Türkiye sağının zihniyeti CNN Türk’teki tartışmalardan okunabilir.
Bir tane yandaş yeni bir meselenin konuşulmasına çok kızıyor. Bir CHP’li başkan adayının çıkıp Saray’da Erdoğan’la görüşmesi. Ne gerek var bunlara, esas gündemimizi saptırıyor diyor. Ona göre esas gündemimiz Suriye’nin kuzeyine düzenlenen harekât olmalı.
Geri kalanı gündemi bulandırmak, sulandırmak, saptırmak.
Bazen bu insanları çok takdir ediyorum. Kötülük üretme stratejilerindeki konsantrasyonu hiç kaybetmiyorlar. En ufak bir sarsıntı geçirdiklerinde tekrar esas konularına dönmek üzere büyük bir gayret içindeler.
Genel olarak bakınca görünen şu ki CHP’linin Erdoğan’la görüşmesi konusunu konuşmak dahi ülke için daha iyi. Diğerinde AKP ve Erdoğan çok şanlı bir iş yapmış oluyor ve takdirleri kabul etmeyi bekliyor.
İşin garip tarafı da örneğin CHP’li yöneticiler hükümet cenahını bu konuda çok takdir ediyor zaten. Kendilerinin de bu harekâtı ne kadar şanlı bulduklarını ve desteklediklerini anlatmaktan bir hal oluyorlar.
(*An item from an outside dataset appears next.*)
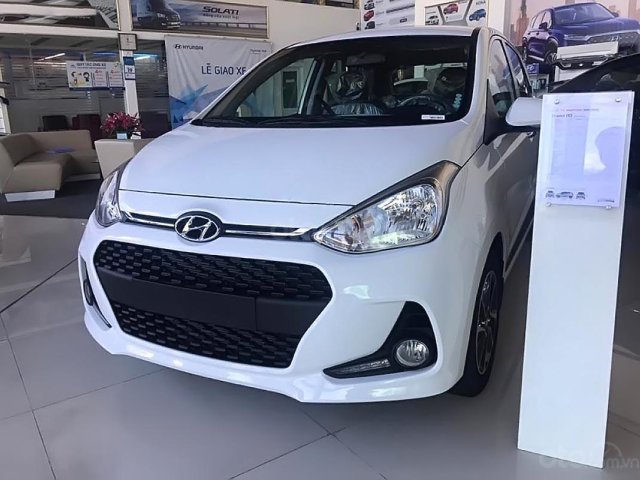 Bán Hyundai Grand i10 1.2 AT sản xuất 2019, màu trắng 0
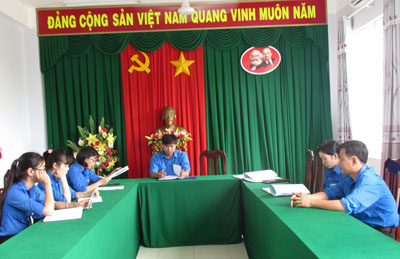 Sinh hoạt chuyên đề “Giáo dục chính trị tư tưởng, rèn luyện phẩm chất chính trị, đạo đức, lối sống của đội ngũ công chức làm công tác THADS theo tư tưởng, đạo đức, phong cách Hồ Chí Minh”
Kürt halkına göz açtırılmayacaksa memlekette akan sular duruyor. Herkes bu siyasette hemen birleşiveriyor. CHP de ufak çekincelerle bu vaziyet alışa dâhil.
Kaybeden de kendisi oluyor.
CHP’lilerin partisi dizayn edilmeye kalkışılıyor. Haberde geçtiği kadarıyla Erdoğan buna “senin başkan olman için ben de yardımcı olurum” diyor. Gelgelelim aşırı yandaş medya mensupları bunun konuşulmasından hoşlanmıyor.
CHP’liler bunlar yaşanıyor ya da yaşanma ihtimali varken ne konuşacak ki?
Elbette konuşur. Zaten Erdoğan’ın kendi konumunu kurtarmak için düzenlediği harekâtı destekleme derdindeyken, muhalefet edebilme pozisyonunu kaybediyor. AKP’nin basit bir alkışlayıcısı durumunu aşamıyor. Onun dümen suyunda gidiyor ve kurtulamıyor.
Başka neyi konuşsun muhalefet?
Erdoğan “halkım için zarar edersek edelim be” diyor şehir hastaneleri için. Kaf Dağı’ndan kar bağışlıyor herkese. Sanki kendisi ödeyecekmiş gibi konuşuyor. Toplumun vergi kazancını yandaş hastane müteahhitlerine peşkeş çekmenin yolunu genişletmeye çalışıyor.
Van depremi sonrasında da şöyle söylemişti: “Ne pahasına olursa olsun, iktidarımıza dahi mal olsa biz bu dönüşümü yapacağız.” Yani kentsel dönüşümü.
Nedense yandaş inşaatçılara iş çıkacağı zaman galeyana geliyor. Bina yapılacaksa, beton dökülecekse, paralar cebe konulacaksa; heyecanı sınır tanımıyor. Kapıyı “zarar bile ederiz”den açıyor, “iktidarımızı bile kaybederiz”den kapıyor. Yağma Hasan’ın böreği ye babam ye.
Tabii ki her şeyin şartları var.
Yandaş ve yaranmacı olacaksın. İnşaat sektöründen olacaksın. Turgut Özal “zenginleri severim” derdi ya. Erdoğan da inşaatçı zenginleri sever.
Emeklilik için gereken koşullar kadınlar için 20, erkekler için ise 25 yıl sigortalılık ve 5.000 prim günüydü. 1999’da çıkan yasa ile emekli olabilmek için yaş şartı getirildi. Şimdi EYT’liler geçmişte kazanılmış haklarını talep ediyorlar.
O zaman işler değişir. Çünkü sade vatandaşsın, sıra neferi, arkasız. Yandaş inşaatçı değilsin.
Erdoğan bu konuda ise hiç zarar yanlısı olmadı ve şöyle dedi: “Tutturmuş bir EYT, erken emeklilik. Biz bunu yapmayacağız. Milletimin zararına olan bir şeye asla yokum. Seçim kaybetsek de yokum.”
Müteahhitlerin şehir hastaneleri konusunda bonkör ve zarardan kaçınmayan adam gitti. Zarar varsa seçimi kaybetmeyi dahi göze alan adam geldi.
Müteahhite öyle, emeklilik hakkını kazanmış emekçiye böyle.
Erdoğan’ın hangi sınıfın yanında olduğunun bir başka sert kanıtı.